Der liberale Fraktionsvorsitzende Guy Verhofstadt warf der russischen Regierung eine blanke Erpressung des ukrainischen Volkes vor. Der französische Abgeordnete Daniel Cohn-Bendit von den Grünen rief zu einem politischen Boykott der Olympischen Winterspiele im russischen Sotschi auf. Bundespräsident Joachim Gauck, der seine Reise nach Sotschi absagte, sei ein Vorbild, so Cohn-Bendit. "Ich würde mir eine Europäische Kommission und einen Europäischen Rat wünschen, die alle zusammen sagen: Das machen wir auch nicht."

EU-Kommissarin Reding fährt nicht zu Winterspielen in Russland

Diese Forderung hat sich die Vizepräsidentin der EU-Kommission, Viviane Reding, schon zu eigen gemacht. Gegenüber der Deutschen Welle bekräftigte sie ihre Entscheidung, im Februar ebenfalls nicht zur Eröffnung der Winterspiele nach Russland zu fahren - allerdings gehe es ihr um die Benachteiligung von Homosexuellen: "Ganz sicher werde ich nicht nach Sotschi fahren, denn solange die Minderheiten in Russland so diskriminiert werden, und zwar gesetzlich und sozial, ist das das falsche Signal", sagte Reding. Sie hoffe, dass auch andere EU-Spitzenpolitiker sich dieser Haltung anschlössen.

EU-Erweiterungskommissar Stefan Füle setzt dagegen weiterhin auf Dialog mit Russland. Man müsse Moskau klarmachen, dass eine Assoziierung zwischen der Ukraine und der EU keine wirtschaftlichen Nachteile für Russland mit sich bringen würde. Der ukrainische Präsident Viktor Janukowitsch kündigte in Kiew an, schon an diesem Mittwoch (11.12.2013) solle eine hochrangige Delegation aus Kiew nach Brüssel reisen, um mit de EU politische Gespräche zu führen. Gleichzeitig betonte er aber auch die enge wirtschaftliche Bindung an Russland, die wiederhergestellt werden müsse.

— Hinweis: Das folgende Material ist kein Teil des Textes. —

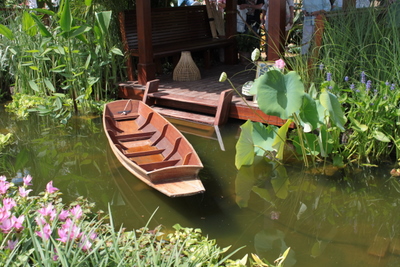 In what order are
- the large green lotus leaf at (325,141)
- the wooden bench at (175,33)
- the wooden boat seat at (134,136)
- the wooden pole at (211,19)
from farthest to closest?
the wooden pole at (211,19)
the wooden bench at (175,33)
the wooden boat seat at (134,136)
the large green lotus leaf at (325,141)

Einsame Redner: Die Ukraine-Debatte lockte nur wenige AbgeordneteBild: Reuters

Konkrete Beschlüsse oder Entschließungen hat das Europäische Parlament in Straßburg nicht formuliert. Die Solidaritäts-Adressen waren hauptsächlich für die Fernsehkameras bestimmt. Im weiten Plenarsaal verloren sich während der Debatte nur wenige Abgeordnete. Nach der Rückkehr der EU-Außenbeauftragten Catherine Ashton werden sich spätestens am Montag kommender Woche (16.12.2013) die EU-Außenminister mit der Ukraine befassen. Sanktionen, um die Regierung Janukowitsch zum Einlenken zu bewegen, stünden aber nicht zur Debatte, so EU-Diplomaten.